● **Your assignment**
Take the entries below and print only the lines from the one with "lion of judah" through the one with "Full Shine Blonde", exactly as they stand, both ends included.

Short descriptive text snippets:
---*---

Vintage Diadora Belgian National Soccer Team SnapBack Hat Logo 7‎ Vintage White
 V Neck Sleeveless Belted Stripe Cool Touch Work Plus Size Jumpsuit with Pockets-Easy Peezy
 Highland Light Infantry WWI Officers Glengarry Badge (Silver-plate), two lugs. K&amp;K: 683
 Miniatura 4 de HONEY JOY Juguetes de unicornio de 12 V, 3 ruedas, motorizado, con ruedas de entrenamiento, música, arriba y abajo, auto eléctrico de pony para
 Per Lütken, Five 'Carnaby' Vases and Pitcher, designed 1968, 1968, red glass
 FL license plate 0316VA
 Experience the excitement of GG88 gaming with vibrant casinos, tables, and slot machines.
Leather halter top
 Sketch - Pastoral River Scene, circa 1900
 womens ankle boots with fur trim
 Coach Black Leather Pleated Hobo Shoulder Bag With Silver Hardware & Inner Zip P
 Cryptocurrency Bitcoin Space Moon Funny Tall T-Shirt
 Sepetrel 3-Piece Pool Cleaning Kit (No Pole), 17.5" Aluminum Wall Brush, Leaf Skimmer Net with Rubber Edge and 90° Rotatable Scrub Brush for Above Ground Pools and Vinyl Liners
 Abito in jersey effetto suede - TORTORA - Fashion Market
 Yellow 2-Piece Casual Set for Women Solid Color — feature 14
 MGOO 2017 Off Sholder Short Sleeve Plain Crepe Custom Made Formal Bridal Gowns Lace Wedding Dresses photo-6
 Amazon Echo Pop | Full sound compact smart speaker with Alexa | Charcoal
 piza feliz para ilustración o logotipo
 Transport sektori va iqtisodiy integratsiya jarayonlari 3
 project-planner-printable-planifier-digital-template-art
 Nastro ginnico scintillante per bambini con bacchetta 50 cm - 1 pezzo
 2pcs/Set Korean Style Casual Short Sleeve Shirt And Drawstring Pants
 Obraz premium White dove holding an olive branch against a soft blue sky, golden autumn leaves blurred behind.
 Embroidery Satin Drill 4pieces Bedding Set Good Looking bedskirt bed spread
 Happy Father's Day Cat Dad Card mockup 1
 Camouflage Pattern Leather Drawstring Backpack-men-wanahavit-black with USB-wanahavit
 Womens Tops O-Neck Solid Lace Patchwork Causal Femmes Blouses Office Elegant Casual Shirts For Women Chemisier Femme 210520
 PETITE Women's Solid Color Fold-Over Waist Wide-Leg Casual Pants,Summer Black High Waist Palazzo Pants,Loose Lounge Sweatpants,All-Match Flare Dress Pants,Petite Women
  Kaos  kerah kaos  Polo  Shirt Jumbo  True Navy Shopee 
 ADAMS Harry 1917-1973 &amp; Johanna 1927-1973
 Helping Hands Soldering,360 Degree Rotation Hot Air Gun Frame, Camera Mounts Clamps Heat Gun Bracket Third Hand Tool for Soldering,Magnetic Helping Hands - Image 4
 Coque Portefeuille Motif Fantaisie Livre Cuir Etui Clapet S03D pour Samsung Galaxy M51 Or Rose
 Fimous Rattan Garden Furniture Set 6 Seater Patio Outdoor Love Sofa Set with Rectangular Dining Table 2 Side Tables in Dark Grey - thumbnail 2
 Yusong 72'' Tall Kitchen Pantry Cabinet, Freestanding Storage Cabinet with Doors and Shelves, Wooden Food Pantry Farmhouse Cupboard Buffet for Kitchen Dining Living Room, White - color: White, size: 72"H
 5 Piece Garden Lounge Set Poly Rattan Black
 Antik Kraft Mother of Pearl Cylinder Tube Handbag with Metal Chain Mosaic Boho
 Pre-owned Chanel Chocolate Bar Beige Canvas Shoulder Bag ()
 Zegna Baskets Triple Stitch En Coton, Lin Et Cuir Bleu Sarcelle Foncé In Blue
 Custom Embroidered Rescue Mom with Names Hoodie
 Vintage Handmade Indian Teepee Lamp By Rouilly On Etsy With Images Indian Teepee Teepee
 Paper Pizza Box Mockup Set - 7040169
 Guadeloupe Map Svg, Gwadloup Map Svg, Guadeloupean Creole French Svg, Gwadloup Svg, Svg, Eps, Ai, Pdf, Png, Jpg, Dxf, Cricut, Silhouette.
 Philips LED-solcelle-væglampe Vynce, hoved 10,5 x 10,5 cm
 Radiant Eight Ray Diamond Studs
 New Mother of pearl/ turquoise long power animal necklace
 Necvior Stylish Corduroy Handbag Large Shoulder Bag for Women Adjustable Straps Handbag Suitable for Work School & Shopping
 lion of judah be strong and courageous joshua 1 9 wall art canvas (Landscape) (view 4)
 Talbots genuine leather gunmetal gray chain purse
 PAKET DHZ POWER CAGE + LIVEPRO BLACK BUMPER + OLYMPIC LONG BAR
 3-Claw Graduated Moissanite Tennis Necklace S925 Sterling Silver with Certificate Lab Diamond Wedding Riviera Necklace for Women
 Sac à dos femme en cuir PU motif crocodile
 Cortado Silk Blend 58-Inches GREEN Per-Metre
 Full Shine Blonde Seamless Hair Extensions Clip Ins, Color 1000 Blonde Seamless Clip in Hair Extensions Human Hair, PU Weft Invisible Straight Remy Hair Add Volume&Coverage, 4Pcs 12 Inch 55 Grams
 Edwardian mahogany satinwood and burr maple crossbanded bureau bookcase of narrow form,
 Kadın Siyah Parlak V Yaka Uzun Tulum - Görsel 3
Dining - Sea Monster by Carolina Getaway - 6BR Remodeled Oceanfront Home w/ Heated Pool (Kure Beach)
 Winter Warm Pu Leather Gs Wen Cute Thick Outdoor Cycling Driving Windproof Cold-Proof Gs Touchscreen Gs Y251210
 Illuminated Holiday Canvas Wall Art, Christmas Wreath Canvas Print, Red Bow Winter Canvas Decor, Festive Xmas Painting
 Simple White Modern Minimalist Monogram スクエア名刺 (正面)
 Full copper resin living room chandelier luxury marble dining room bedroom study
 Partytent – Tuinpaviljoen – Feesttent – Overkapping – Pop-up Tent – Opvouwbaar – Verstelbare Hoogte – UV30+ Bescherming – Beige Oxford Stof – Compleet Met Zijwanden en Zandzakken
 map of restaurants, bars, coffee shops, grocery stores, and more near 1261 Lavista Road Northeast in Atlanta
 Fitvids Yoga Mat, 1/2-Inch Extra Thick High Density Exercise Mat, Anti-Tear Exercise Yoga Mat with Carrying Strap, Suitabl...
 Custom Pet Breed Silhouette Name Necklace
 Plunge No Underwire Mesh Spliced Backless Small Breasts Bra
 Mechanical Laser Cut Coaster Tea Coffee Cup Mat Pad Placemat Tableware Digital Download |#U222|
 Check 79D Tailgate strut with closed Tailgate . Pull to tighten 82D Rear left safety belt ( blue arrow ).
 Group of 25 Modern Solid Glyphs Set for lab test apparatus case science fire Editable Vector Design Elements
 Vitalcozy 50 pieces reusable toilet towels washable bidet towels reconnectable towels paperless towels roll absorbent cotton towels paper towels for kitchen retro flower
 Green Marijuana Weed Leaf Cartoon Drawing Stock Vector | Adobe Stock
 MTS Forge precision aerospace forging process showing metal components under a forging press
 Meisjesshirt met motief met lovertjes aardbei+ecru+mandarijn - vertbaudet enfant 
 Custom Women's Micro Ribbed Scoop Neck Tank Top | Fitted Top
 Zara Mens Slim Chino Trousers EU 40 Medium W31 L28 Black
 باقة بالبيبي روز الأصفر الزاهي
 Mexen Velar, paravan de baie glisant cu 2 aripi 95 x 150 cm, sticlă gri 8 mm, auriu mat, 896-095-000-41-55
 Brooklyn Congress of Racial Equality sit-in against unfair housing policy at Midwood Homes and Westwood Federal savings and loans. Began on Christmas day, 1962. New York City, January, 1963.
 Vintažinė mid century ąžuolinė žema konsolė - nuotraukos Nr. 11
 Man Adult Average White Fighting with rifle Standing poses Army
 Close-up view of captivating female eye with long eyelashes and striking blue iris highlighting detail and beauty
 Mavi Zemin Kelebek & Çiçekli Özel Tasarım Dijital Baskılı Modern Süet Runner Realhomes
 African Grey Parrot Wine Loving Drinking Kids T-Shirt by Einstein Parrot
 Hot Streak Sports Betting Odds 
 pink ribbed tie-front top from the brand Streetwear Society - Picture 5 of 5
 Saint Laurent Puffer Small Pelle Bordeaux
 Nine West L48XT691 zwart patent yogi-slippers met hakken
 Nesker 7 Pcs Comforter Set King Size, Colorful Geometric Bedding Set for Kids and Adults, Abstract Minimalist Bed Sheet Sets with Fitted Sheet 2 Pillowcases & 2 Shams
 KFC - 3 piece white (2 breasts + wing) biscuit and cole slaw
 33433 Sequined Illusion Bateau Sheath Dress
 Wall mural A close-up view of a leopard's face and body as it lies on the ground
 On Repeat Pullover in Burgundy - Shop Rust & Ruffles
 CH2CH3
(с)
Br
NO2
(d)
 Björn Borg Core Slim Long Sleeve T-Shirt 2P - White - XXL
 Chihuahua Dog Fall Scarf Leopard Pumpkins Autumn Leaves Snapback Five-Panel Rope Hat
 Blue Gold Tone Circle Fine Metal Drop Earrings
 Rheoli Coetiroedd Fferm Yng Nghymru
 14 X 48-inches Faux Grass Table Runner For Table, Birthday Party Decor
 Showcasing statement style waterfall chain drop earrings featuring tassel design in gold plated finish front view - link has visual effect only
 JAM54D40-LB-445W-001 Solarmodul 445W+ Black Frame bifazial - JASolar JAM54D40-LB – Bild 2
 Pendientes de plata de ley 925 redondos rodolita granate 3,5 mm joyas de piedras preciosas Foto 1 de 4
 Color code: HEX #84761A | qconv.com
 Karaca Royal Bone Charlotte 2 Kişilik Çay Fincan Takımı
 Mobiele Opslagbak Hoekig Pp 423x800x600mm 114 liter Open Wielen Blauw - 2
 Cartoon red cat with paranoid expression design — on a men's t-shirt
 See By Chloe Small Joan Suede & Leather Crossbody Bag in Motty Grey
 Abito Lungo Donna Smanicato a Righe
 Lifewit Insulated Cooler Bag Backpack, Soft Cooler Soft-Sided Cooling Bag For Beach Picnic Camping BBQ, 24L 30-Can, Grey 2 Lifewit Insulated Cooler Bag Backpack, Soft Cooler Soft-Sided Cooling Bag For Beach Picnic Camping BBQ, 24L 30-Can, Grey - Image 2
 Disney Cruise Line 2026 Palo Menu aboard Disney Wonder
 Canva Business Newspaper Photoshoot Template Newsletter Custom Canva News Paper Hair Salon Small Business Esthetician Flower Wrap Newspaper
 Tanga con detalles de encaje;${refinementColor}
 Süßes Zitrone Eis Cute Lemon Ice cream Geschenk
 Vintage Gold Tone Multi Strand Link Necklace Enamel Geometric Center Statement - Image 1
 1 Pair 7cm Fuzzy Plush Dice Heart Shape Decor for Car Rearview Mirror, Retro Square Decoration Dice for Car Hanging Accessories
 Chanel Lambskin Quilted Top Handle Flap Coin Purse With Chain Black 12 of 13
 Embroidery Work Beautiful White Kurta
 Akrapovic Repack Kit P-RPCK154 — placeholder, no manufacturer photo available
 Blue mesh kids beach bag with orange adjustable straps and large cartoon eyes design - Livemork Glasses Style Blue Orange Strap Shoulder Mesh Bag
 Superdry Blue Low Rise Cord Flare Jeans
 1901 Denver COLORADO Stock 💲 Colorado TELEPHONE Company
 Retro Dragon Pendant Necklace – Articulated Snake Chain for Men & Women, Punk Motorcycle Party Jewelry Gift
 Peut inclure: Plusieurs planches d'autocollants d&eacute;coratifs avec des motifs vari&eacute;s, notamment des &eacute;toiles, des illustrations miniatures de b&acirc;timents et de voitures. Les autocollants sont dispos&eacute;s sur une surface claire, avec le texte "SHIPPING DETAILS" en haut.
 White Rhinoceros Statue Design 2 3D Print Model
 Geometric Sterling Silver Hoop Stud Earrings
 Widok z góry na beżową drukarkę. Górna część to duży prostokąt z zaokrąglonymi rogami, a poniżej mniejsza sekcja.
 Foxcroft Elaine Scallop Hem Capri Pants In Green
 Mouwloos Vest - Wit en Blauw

---*---

● **Answer box**
 lion of judah be strong and courageous joshua 1 9 wall art canvas (Landscape) (view 4)
 Talbots genuine leather gunmetal gray chain purse
 PAKET DHZ POWER CAGE + LIVEPRO BLACK BUMPER + OLYMPIC LONG BAR
 3-Claw Graduated Moissanite Tennis Necklace S925 Sterling Silver with Certificate Lab Diamond Wedding Riviera Necklace for Women
 Sac à dos femme en cuir PU motif crocodile
 Cortado Silk Blend 58-Inches GREEN Per-Metre
 Full Shine Blonde Seamless Hair Extensions Clip Ins, Color 1000 Blonde Seamless Clip in Hair Extensions Human Hair, PU Weft Invisible Straight Remy Hair Add Volume&Coverage, 4Pcs 12 Inch 55 Grams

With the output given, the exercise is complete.